Bazı eklentiler gerçekleştirdim,
Kapı ayak çıtası (S dizayn ürünü, yazısız, çelik),
Bagaj havuzu (Birebir uygun Denizlili bir firmaydı, 1-2 gün çok hafif koktu, çok dayanıklı ve güzel bir ürün üretmişler, bravo),
Ön tampon içine iki çift ince dikdörtgen sis led (Arkadaşımla taktık, görüşü epey farkettiriyor, ancak şehiriçinde vb etrafta araç ya da insan varken açmıyorum, oldukça rahatsız edici),
Kapı iç kenara pilli kırmızı ışık, kapıyı açınca yanıp sönüyor,
İç kısım için hemen hemen tam uyan derin havuzlu paspas (Universal tip. Kokusuzdu, çok beğendim),
Vites etrafını/zemin kısmı orijnal renk ile kaplattım (70 TL),
Tek olumsuz yan direksiyon deri değil ve çok inceydi, sanayide sahte derimsi bir kaplama ile direksiyonu kaplattım (Süetimsi bir dokunuş hissi mevcut), tek sıkıntısı korna tarafında, orta kısımda bir iki santim içeriye taştı (Direksiyon çeperlerine %96 sokabildik),
Orijinal (Yedpa) paçalık taktım,
Orijinal sarı sis lambası (Halojen, Photon marka) taktım, halojen standart lambadan ne farketti bilmiyorum her ikisini de araç kullanırken pek farkedemediğim için (İkisi de mum ayarında, kendi etrafına hayrı dokunuyor) sadece orijnal sarı olarak güzel duruyor, çirkin gözü tırmalayan bir sarı değil.
Genel olarak memnunuz. Fiyat, km, yıl, kimin kullandığı vb kriterlerimi karşılayan Forester imkanım olsaydı elbette onu tercih ederdim. Ancak bu fiyata bu km'de Forester yoktu, olmaz da zaten. Bir daha olsa yine Subaru mu? Bu teknik özelliklerde, bu bütçede farklı bir alternatif ortaya çıkar mı bilemiyorum, o nedenle bugün olsa bir dakika düşünmez yine aynı aracı alırdım.
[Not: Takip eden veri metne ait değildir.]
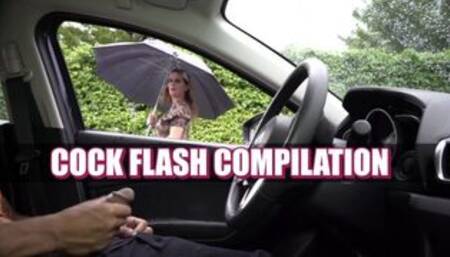 NICHE PARADE - Cock Flash Compilation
Fotoğrafları yükleyeceğim.
İnşallah şu virüs illetine, musibetine biran önce içimizi rahatlatacak çareler gelir de, içimiz rahat dışarı çıkar, buluşuruz. Bu dönemde en umursamadığım anlar olan, sıradan bir araba kullanma, gidip bir yerde 5 dk soluklanıp bir çay, espresso içme, gayet normal birşeymiş gibi pek de umursamadan oturduğum bir kumsalda, ailecek dinlendiğimiz sıradan bir Pazar günü aslında ne kadar da önemliymiş. Hep yarın aynı sıradanlıktaymış gibi geliyor genelde insana, aslında öyle değilmiş işte... Umuyorum ki, en kısa zamanda sağlıkla, mutlulukla buluşuruz. Herkese sağlıklı günler, geceler dilerim.